What they have known, though, is an economy in which wages barely rise, a huge pile of debt if they’re a graduate and a housing market in which the only way to attain secure housing is to buy but the only way of buying is to inherit money, move a long way from the best jobs markets or, preferably, both. Throw in the cost of childcare, often compared to a second mortgage — which, given the size of mortgages these days, is no small deal — and the whole venture seems prohibitively, terrifyingly expensive.

Is it any wonder that people might not want to have children when they’re living in a shared flat, or don’t have room for them, or know they can be evicted at almost no notice? Or when they can’t see how they can afford a kid if they don’t keep working, but don’t see how they can afford to keep working if they have a kid?
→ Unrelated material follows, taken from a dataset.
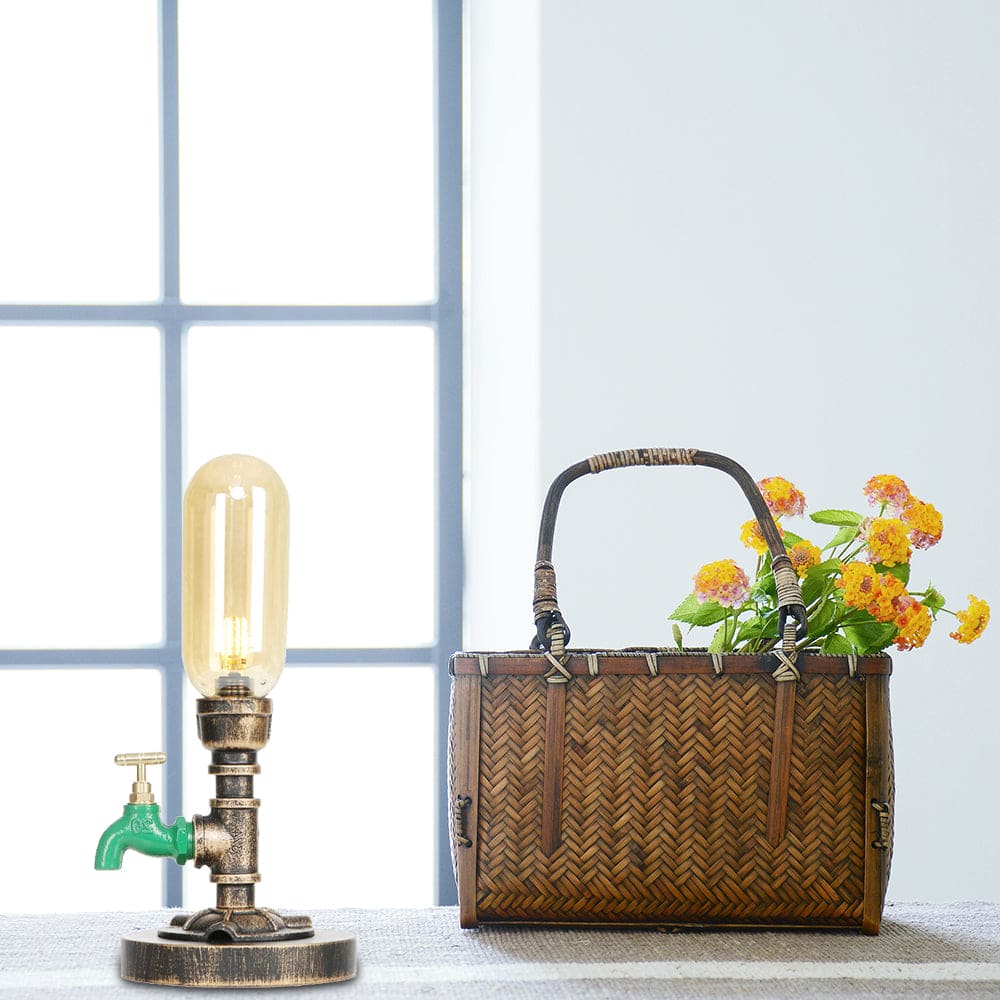 Elegant Metal Table Lamp with Industrial Lampshade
If the government is genuinely concerned about the birth rate there are things it could do: make renting more secure, or invest massively in childcare or, hell, even reform planning rules to build enough new family homes. But it has so far chosen not to do those things — chosen, indeed, to raise taxes on the young to protect the interests of the old. This is not an irrational way for a government elected by the grey vote to behave. By the same token, waiting much, much later to have kids is not an irrational way for the under-40s to behave either.

Why is Britain’s fertility rate declining? Gee, I dunno, why does it hurt if you punch yourself in the face?